Semenjak kebijakan lockdown dilonggarkan, sekitar 85 juta warga China berbondong-bondong pergi ke lokasi-lokasi wisata utama di negara itu dalam tiga hari pertama liburan Hari Buruh (May Day), yang berlangsung lima hari, dimulai Jumat lalu (01/05).
Dilansir dari kantor berita Reuters, lonjakan pariwisata itu didominasi peningkatan jumlah pelancong dari Wuhan, Beijing, Dalian, Tianjin, dan Jinan, menyusul aturan karantina wilayah yang dilonggarkan karena menurunnya angka Covid-19 di China.
Ratusan tempat wisata juga telah dibuka kembali, termasuk di Kota Terlarang di Beijing.
Para murid-murid senior kembali bersekolah di Wuhan, Rabu (06/05). (Getty Images)
Berbagai sekolah di Wuhan, Provinsi Hubei, China, kembali beraktivitas, Rabu (06/05).
Aktivitas itu berlangsung setelah kota yang disebut sebagai tempat asal-muasal virus corona itu mengklaim bebas kasus Covid-19 selama 32 hari terakhir.
Meski begitu, aktivitas sekolah-sekolah tersebut dikhususkan untuk siswa kelas 9 dan 12 yang bakal menghadapi ujian akhir jelang musim panas mendatang.
Bagi pelajar kelas 12, ujian akhir itu akan menentukan universitas yang bisa masuki pada jenjang perguruan tinggi.
Merujuk laporan kantor berita Xinhua, total pelajar yang kembali bersekolah di Wuhan mencapai 57.000 orang.
Seluruh sekolah di Wuhan diwajibkan menjalankan protokol Covid-19. (Getty Images)
Di luar Wuhan, mayoritas pelajar kelas 12 lebih dulu kembali ke sekolah sejak awal Maret lalu.
Di seluruh Provinsi Hubei, setiap pelajar wajib menjalani tes virus corona sebelum diizinkan mengikuti aktivitas belajar-mengajar.

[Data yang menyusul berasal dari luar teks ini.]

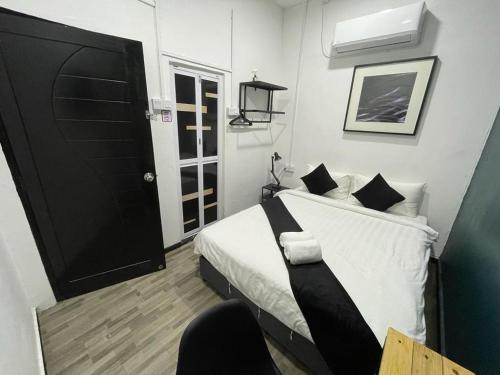 a bedroom with a bed with white sheets and a black door at The Sky Inn in Kuantan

Sementara pihak sekolah diwajibkan menjalankan protokol kesehatan seperti jaga jarak di kelas dan kantin.
Belakangan, pemerintah China mengendorkan berbagai pembatasan sosial untuk mengembalikan situasi ke kondisi normal.
Di Korea Selatan, kekhawatiran akan gelombang kedua telah mendorong pembatasan baru, setelah serangkaian transmisi baru terkait dengan distrik kehidupan malam Seoul.